Quando criança, meu irmão costumava me levar ao baile infantil de Carnaval. Ele tinha dez anos a mais que eu, portanto, já era um adolescente. Assim, aproveitava para usufruir daquele momento mesmo fora da idade.
As festas que originaram o Carnaval surgiram na Antiguidade, entre os camponeses, como celebração para as colheitas e, também, para a fertilidade. Na Grécia Antiga, ocorreram em homenagem ao deus Dionísio, como transgressão social, dando origem ao teatro e provavelmente ao Carnaval, com muito vinho e relações sexuais abertas (por sorte, naquele tempo, ainda não existia nenhuma ministra da Mulher que defendesse a abstinência sexual, ela enlouqueceria!). Durante a Idade Média, estas festas populares seguiram e mantiveram o seu caráter pagão, mas sempre como festa de rua e momento de inversão de valores. O sagrado e o profano revelavam as contradições entre o Carnaval e a Quaresma. No Brasil, foi trazido pelos portugueses e, nos salões, foi elitizado. Entretanto, ao se misturar com o samba negro que surgira a partir dos jongos entoados durante o trabalho pelos escravos, ocupou as ruas e tornou-se a principal festa em muitos estados brasileiros.
O Carnaval, como festa profana, marca os dias em que o plebeu vira príncipe, o homem vira mulher, o pobre vira rico, que o corpo vestido torna-se nu e o trabalhador transforma-se em folião. Mas, também, que os negros tomam as ruas e se tornam protagonistas (e por mais que a lógica mercantil esteja dominando o Carnaval, é necessário que as organizações populares e, principalmente o movimento negro, resgatem suas origens populares). A inversão de tantos valores tradicionais parece incomodar governos conservadores, e que temem tanta alegria! Por certo, são ideologias que preferem o quotidiano de desigualdade social e histórica a estes poucos dias de folia. Qual será o escândalo do Carnaval divulgado pelo presidente esse ano? Que particularidade será generalizada dessa vez?
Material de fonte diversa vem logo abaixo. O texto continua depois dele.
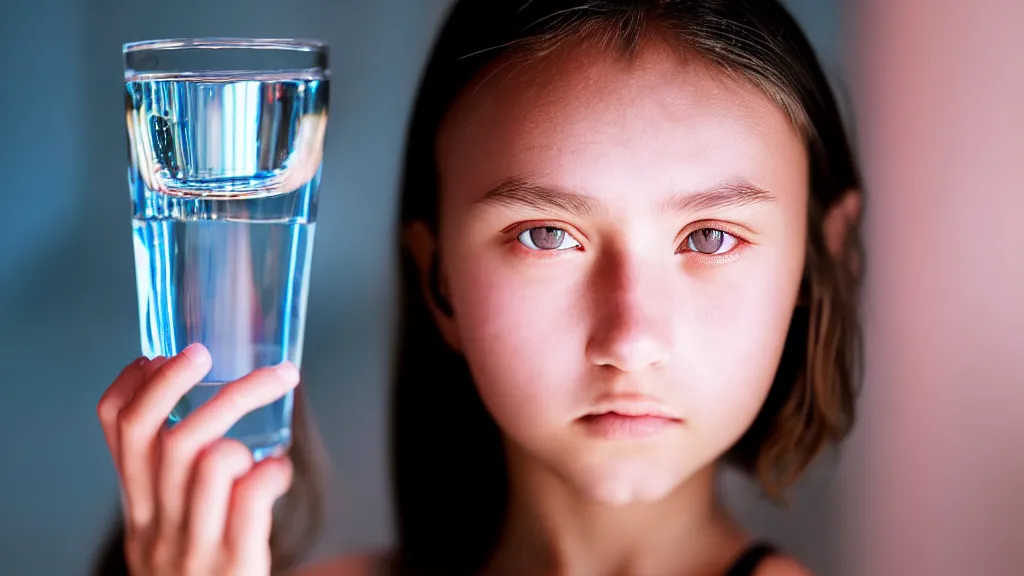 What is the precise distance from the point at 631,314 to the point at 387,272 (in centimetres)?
32

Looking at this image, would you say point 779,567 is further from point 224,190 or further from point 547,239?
point 224,190

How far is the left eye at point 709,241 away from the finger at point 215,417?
194mm

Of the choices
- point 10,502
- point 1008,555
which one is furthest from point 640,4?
point 10,502

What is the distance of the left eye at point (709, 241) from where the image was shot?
0.52 m

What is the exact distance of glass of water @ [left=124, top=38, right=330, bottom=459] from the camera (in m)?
0.48

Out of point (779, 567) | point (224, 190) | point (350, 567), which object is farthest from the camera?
point (350, 567)

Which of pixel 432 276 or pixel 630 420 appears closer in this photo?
pixel 630 420

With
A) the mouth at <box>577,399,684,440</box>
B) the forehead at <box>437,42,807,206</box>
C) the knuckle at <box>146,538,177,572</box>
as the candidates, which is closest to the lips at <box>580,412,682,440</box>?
the mouth at <box>577,399,684,440</box>

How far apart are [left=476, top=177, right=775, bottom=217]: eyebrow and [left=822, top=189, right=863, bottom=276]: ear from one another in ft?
0.32

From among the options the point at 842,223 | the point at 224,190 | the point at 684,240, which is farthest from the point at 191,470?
the point at 842,223

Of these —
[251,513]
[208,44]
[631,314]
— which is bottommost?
[251,513]

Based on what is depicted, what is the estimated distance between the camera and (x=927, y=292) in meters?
0.77

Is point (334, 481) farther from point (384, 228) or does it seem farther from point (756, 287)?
point (756, 287)

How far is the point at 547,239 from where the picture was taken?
54 cm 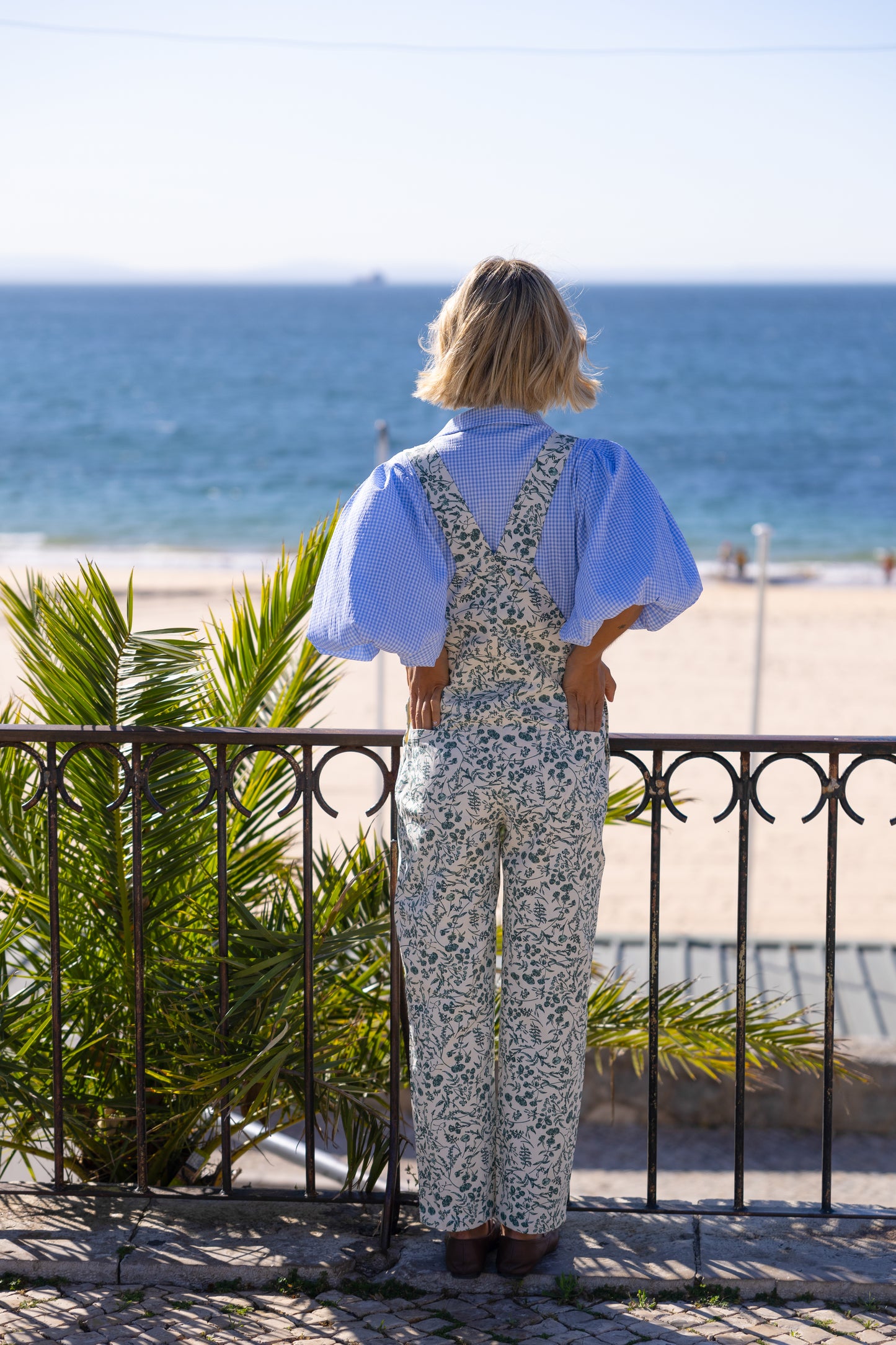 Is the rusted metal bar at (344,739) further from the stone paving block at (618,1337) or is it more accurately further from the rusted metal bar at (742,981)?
the stone paving block at (618,1337)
Por mais que o Carnaval tenha resistido ao longo dos anos como festa popular, ainda enfrenta muitos preconceitos. Muitos prefeitos, por exemplo, preferem investir o dinheiro público destinado à cultura em outras festividades, mais brancas, mais elitizadas.
Confesso que ficava um tanto perdido no meio de todo aquele agito dos bailes do Carnaval infantil, crianças correndo e girando na volta do salão, jogando e juntando no chão serpentina e confete, ao som das marchinhas tradicionais que se repetiam ao longo dos anos. Hoje entendo perfeitamente o que ocorria. Na verdade, aquelas festas não eram totalmente infantis. Também reuniam adolescentes, como meu irmão, e eu, com meus sete anos, de repente, me via sozinho entre muitas meninas de 17, pois meu irmão, lá pelas tantas, desaparecia. Ficava eu, no maior dos espíritos carnavalescos, invertido, criança envolta por garotas de dezesseis anos. Elas estavam à espera de meu irmão? No fim, sempre uma delas acabava me levando para casa. Meu irmão era bonitão!